Il secondo blocco identitario del discorso è stato quello legato alla campagna tambureggiante per tagliare i costi e sventrare la burocrazia federale, il territorio dove si muove liberamente Elon Musk, un uomo «che tutti qui apprezzano», anche quelli che «non vogliono ammetterlo».
Trump ha accuratamente selezionato alcuni dei programmi più improbabili finanziati dal governo – fra cui 40 milioni di dollari per «l’inclusione sociale dei migranti sedentari», 8 milioni per «rendere i topi transgender» e 8 milioni per promuovere i diritti Lgbtq+ nella «nazione africana del Lesotho, che nessuno ha mai sentito nominare» – e ha costruito una carrellata implacabile per promuovere il ritorno al «senso comune», altro concetto ricorrente.
Fact-checking
Sul lavoro di razionalizzazione e scrupolosa ricerca di sprechi e frodi le parole di Trump non passano una minima operazione di fact-checking. Il presidente dice che sono stati scovati «centinaia di miliardi di dollari in frodi», ma secondo lo stesso sito di Doge ha generato 105 miliardi di dollari, dei quali soltanto 20 appaiono documentati. E anche quei 20 sono molto dubbi, perché il sito di Doge viene aggiornato periodicamente, ma molti contratti che in un certo momento vengono dati come cancellati poi magicamente riappaiono. Domenica scorsa, ad esempio, sono scomparsi 4 miliardi dal conto dei risparmi che l’agenzia aveva dichiarato.

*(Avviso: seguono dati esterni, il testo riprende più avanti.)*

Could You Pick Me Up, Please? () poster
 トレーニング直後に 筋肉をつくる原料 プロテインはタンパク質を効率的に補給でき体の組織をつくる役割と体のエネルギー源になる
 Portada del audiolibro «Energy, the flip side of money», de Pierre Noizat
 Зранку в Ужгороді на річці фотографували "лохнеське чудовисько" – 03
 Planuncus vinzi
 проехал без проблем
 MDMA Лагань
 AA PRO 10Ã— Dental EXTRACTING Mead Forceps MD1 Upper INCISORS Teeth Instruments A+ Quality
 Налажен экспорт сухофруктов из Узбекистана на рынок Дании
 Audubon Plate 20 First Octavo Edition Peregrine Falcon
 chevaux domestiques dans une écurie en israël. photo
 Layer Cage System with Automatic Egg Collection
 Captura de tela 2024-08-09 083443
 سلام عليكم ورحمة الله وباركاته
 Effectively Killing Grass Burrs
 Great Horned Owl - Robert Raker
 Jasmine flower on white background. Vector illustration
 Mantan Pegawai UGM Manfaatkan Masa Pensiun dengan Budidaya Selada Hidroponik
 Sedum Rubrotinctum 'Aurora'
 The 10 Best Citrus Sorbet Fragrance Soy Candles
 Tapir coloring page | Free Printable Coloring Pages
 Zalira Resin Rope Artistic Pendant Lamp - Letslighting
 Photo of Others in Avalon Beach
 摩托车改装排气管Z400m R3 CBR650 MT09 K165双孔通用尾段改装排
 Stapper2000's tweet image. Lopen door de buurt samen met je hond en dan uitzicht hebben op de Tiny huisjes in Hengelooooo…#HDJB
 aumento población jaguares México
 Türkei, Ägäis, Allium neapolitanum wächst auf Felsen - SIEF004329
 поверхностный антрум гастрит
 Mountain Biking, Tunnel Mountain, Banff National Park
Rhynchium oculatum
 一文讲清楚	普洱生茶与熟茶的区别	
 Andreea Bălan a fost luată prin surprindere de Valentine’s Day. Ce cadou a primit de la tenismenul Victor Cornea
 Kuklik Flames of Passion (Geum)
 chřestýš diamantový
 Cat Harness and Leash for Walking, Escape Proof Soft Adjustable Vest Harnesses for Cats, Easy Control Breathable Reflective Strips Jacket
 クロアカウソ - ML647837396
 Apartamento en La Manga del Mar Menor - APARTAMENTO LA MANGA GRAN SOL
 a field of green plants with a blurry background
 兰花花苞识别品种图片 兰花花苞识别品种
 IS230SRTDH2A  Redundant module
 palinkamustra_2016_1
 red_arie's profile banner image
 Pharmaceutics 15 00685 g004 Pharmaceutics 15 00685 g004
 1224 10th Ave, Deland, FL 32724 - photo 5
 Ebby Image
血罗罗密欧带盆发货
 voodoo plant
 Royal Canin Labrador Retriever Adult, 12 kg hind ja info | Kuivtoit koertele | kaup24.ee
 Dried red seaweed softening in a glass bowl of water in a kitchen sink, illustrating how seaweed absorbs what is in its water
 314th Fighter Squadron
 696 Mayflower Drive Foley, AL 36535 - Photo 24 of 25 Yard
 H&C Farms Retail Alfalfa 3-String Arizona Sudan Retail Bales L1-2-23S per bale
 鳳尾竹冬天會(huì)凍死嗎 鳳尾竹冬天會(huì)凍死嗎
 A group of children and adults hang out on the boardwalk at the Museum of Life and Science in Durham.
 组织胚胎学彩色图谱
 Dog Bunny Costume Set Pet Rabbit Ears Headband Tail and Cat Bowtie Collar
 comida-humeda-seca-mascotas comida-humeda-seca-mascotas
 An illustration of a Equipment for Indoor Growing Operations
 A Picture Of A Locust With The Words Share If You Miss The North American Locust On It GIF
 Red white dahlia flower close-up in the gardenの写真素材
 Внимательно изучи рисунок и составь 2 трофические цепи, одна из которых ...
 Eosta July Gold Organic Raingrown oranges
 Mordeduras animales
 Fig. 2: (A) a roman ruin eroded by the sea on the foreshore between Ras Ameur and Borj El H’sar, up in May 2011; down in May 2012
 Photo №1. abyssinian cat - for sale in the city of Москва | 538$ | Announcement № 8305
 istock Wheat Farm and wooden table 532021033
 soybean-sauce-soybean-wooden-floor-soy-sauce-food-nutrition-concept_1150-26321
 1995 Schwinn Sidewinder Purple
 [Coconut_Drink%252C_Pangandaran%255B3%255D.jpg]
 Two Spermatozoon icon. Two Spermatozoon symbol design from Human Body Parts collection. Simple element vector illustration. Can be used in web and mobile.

Sull’Ucraina Trump ha reiterato la stima fuori proporzione dei «milioni di vittime», e ha detto nuovamente di avere eliminato la regolamentazione dell’amministrazione Biden sull’obbligo di produzione di una quota di auto elettriche, quando invece le norme in questo senso sono ancora in vigore. E la lista di omissioni, travisamenti e indicazioni fuorvianti è molto lunga.
Nel discorso fluviale, il presidente ha tirato fuori anche la Groenlandia e Panama, altri temi classici che però ultimamente sono stati sommersi da più pressanti preoccupazioni internazionali. Abbiamo bisogno della Groenlandia per «la sicurezza mondiale» e «penso che l’avremo, in un modo o nell’altro», ha detto, e allo stesso modo ha promesso di riprendere il canale di Panama, dossier sul quale ha anche messo nel mirino il segretario di Stato, Marco Rubio, dandogli la responsabilità dell’operazione: «Buona fortuna, Marco. Adesso sappiamo a chi dare la colpa se la cosa finisce male».
La risposta dem
La realtà è che, di fronte a tanta efficacia teatrale, le risposte dei democratici possono poco, almeno a parole. Ci ha provato Elissa Slotkin, giovane e brillante senatrice del Michigan, a cui è stato affidato il tradizionale “rebuttal”, il discorso che l’opposizione pubblica in risposta allo stato dell’Unione.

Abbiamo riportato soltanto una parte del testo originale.